What’s a Psychometrician?
When I first learned that we had a psychometrician on our team, I pictured someone who spent their day at a workbench full of phrenology skulls, calipers, and bubbling beakers—maybe even with an adorable Muppet assistant named Beaker.
Meep! I was intrigued.
I caught up with Barbara Rowan, SweetRush’s resident psychometrician, to learn what a day in her life is really like. (Spoiler: It’s absolutely riveting—and caliper-free!)
TV: Help me out—what does a psychometrician actually do? Do you have an elevator speech you give at parties?
BR: Sure! A psychometrician is someone who’s an expert in assessment and measurement. We write tests, but we do so much more! We can also look at existing tests to make sure they’re reliable and valid—or that each item measures what we say it’s measuring.
We also review existing tests. It’s all about analyzing data that help us pinpoint exactly how well a test is functioning. For example, if your learners say your test questions are too hard, I can find which—if any—are too hard. Ideally, a test should have a balance of hard, easy, and average items. I can also tell you if your learners aren’t studying or, on the other hand, if your items are too easy.
TV: I think I recognize the terms reliable and valid from my Statistics 101 days—do I have that right?
BR: Reliability and validity are some of the first concepts we learn in statistics, but psychometrics takes them to a whole new depth.
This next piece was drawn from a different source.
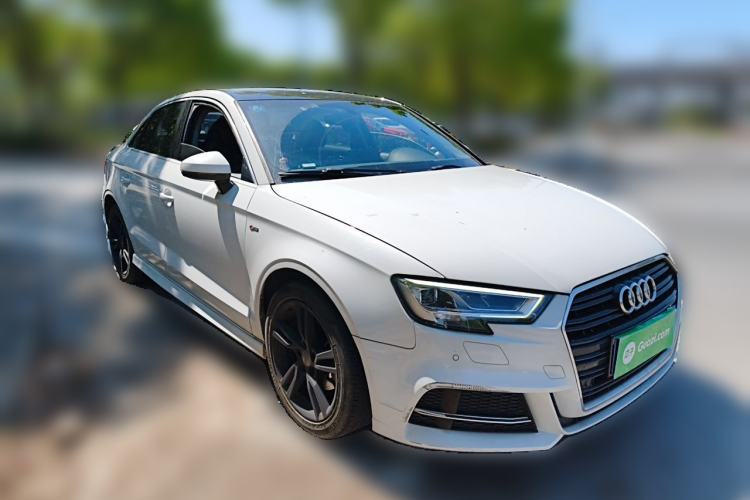Used Audi A3 2019 Limousine 35 TFSI Fashion Edition China V standard Front Right 45 Deg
Let’s start with validity. Put simply, validity means that your assessment measures what it’s supposed to measure and you’re not accidentally measuring other skills and knowledge instead.
TV: Can you share a bit about why that matters?
BR: In short, moral and legal accountability. Assessments decide where—and whether—we’re admitted to schools or offered a job.
For example, a class-action lawsuit was brought against The Educational Testing Service by test takers who had received incorrect scores on an assessment some states used in teacher licensing decisions. They ended up paying $11.1 million to the plaintiffs.
There have also been cases against high schools by learners who failed the exit exams required to graduate. These learners claim the test is not reliable or valid (We’ll talk more about reliability shortly!), which isn’t acceptable for such a high-stakes test.
Several cases were brought against other high schools by students who are differently abled or non-native speakers of English. They felt that the schools’ assessments were biased against them.
As you can see, test questions have a real impact on people’s lives and futures. It’s important for organizations to know that their assessments are measuring what they purport to measure. Those that build their assessments responsibly have performed all the right psychometric tests and documented the results in a technical manual.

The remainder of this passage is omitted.